Referenced from Joining Images in Photoshop

THIS IS A SIMPLE WALK-THROUGH for producing drop shadows by hand. In some cases you'll want to know and understand this process because you'll need a shadow that does not "drop" from the entire object, or one that you can manipulate as a separate object rather than part of the layer as in the Drop-Shadow layer effect.

This is an object, rastered on its own layer.

simple object

The first thing we'll do is duplicate that object to another new layer.
* Drag the layer to the "New Layer" icon at the bottom of the layers palette, or,
* Use the "Float" command: Command/J, or Control/J for Windows.

Next: Select the layer original object layer
* Command/click the layer thumbnail (Control/Click for Windows)

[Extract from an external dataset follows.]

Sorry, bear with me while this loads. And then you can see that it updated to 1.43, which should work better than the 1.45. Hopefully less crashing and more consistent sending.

Free tutorial on creating drop shadows Now your object is selected on the bottom layer.
Tap the letter D to change colors to default
Tap Option/Delete (Alt/Delete for Windows) to fill the object
(Racing ants, the dotted line around the object signifies it is selected)

In this capture, you'll see the object is now filled with the foreground color (Black) even though you can't see it because it's behind (or beneath) the White object on the next layer.

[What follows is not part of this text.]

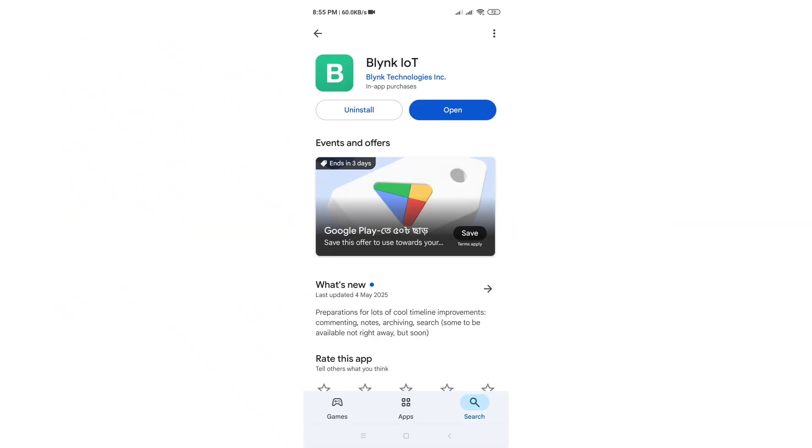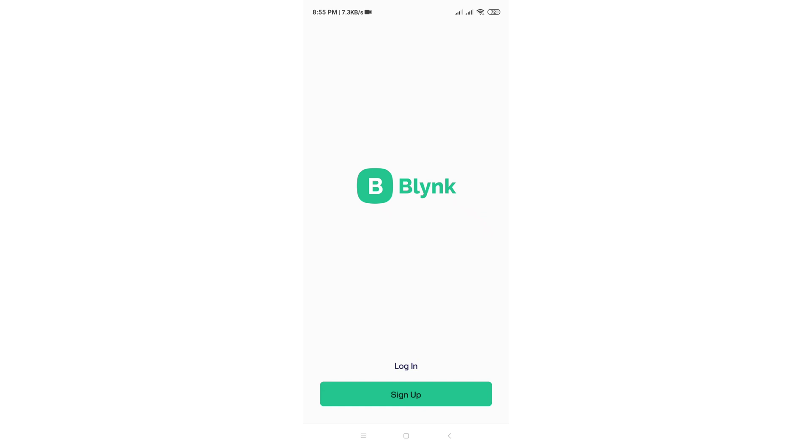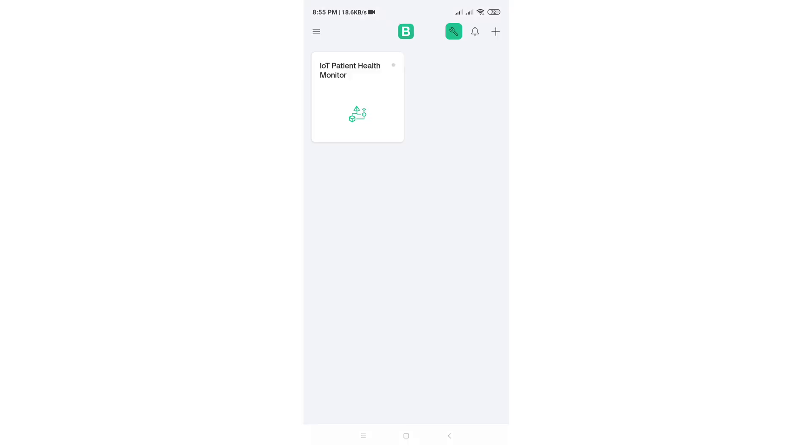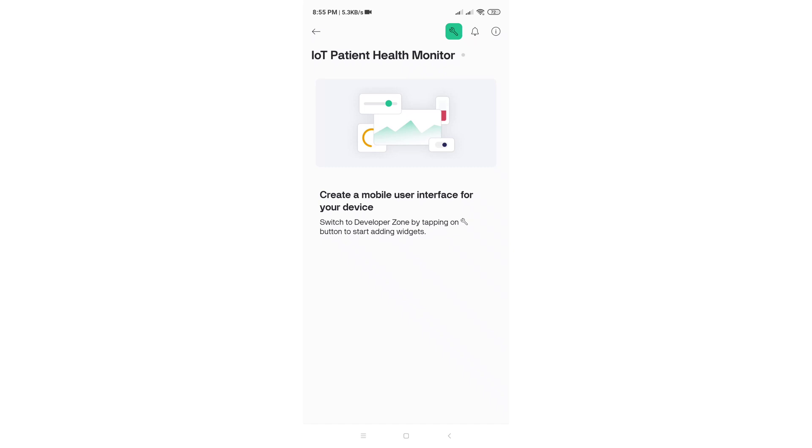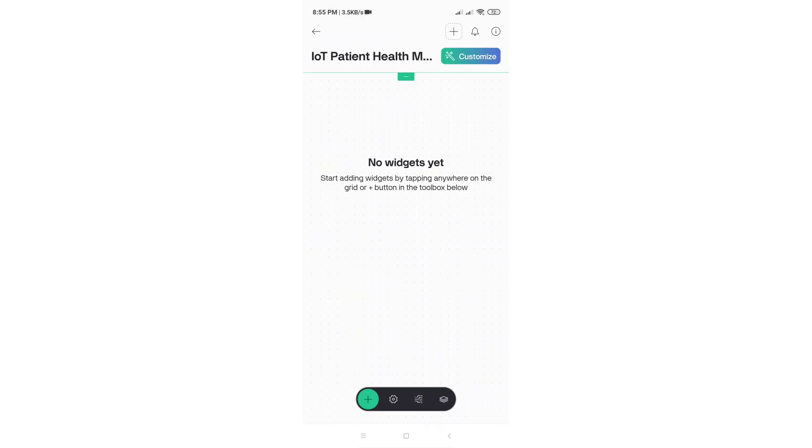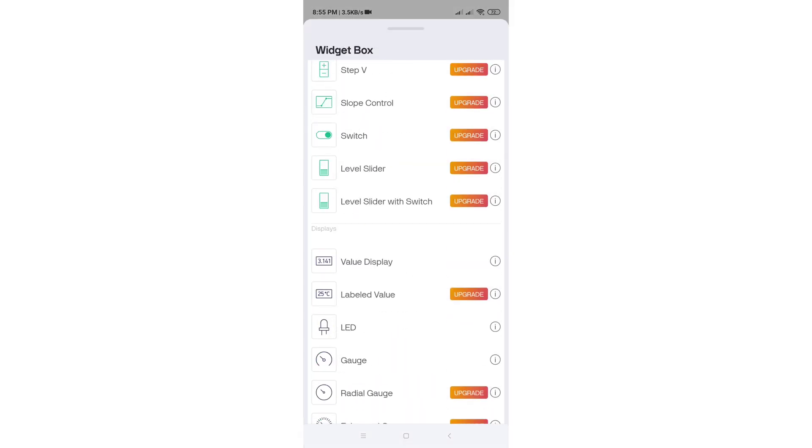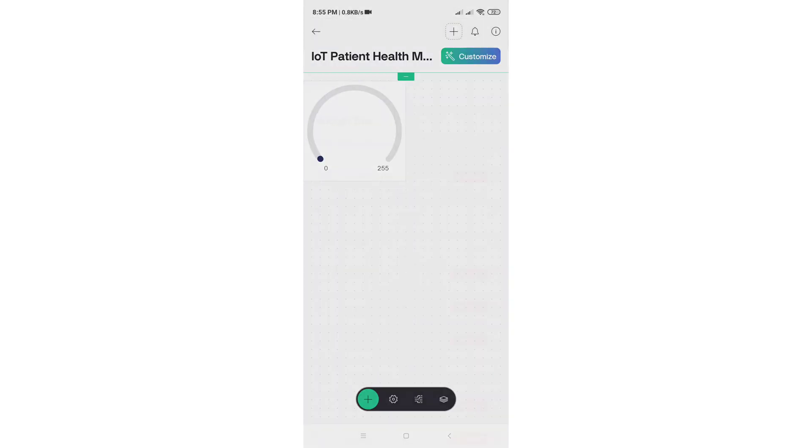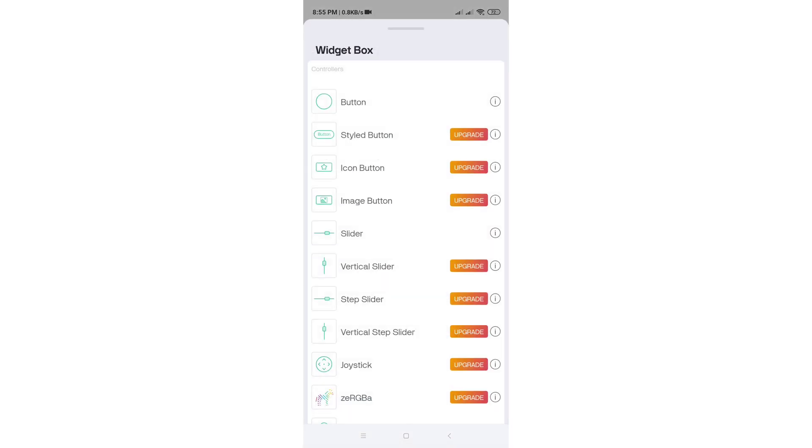Next, we need to set up the Blink mobile dashboard. Install the Blink IoT app from the Play Store and log into your Blink account. Create a new dashboard with four gauges and link them to the same virtual pins used in the web dashboard.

Fill the object using the Option Delete command

Tap Command/D (Control/D) to drop any selections
Choose: Filter > Blur > Gaussian Blur
and in the resulting dialog box, set the amount of blur to result in the desired amount of shadow.

created the blur then selected the Move tool

Here, we've created the blur than selected the Move tool (Tap V) to "nudge" the shadow to its new location. (In this example, we went 12 pixels right, and 12 pixels down. Your own project may be different. )

NOTE You've completed the drop shadow just as the Layer Effects would have. We've actually been doing this for years-- even long before Photoshop had layers!

However, you now own the shadow as a separate object and can act upon it as you wish. For instance, perhaps the shadow needs to run across multiple surfaces...

NEXT: Generate shadows across multiple objects

 

 

For ongoing original content about Photoshop, painting, color and image retouching visit DTG Magazine's Photoshop Content areas at: www.Graphic-Design.com/Photoshop

Search for fonts

Comments

On October 21st, Taliyah88 said:

Good article. This site has almost all the info that we were looking for.

On November 5th, Jan90 said:

Very nice review! your article helped me much!

On January 12th, Tyler said:

I consider myself to be a promoted internet user and can say that your resurce is one of not many I like to come back again and again.

On January 13th, Damaris said:

Hey ... so you got bitten by Rapidshare Search too????

It is a kind of search list in which only gets paid for clicking and then they send you to spam sites in Russia or China or some place ... I agree DO NOT USE RAPIDSHARE SEARCH

On January 13th, Aydin said:

Regards for the post! Here's the search engine where I found the article, which will be of good help in finding future articles. Can I contribute some articles for you?

Post new comment

The content of this field is kept private and will not be shown publicly.

CAPTCHA
This question is for testing whether you are a human visitor and to prevent automated spam submissions.
Image CAPTCHA
Enter the characters shown in the image.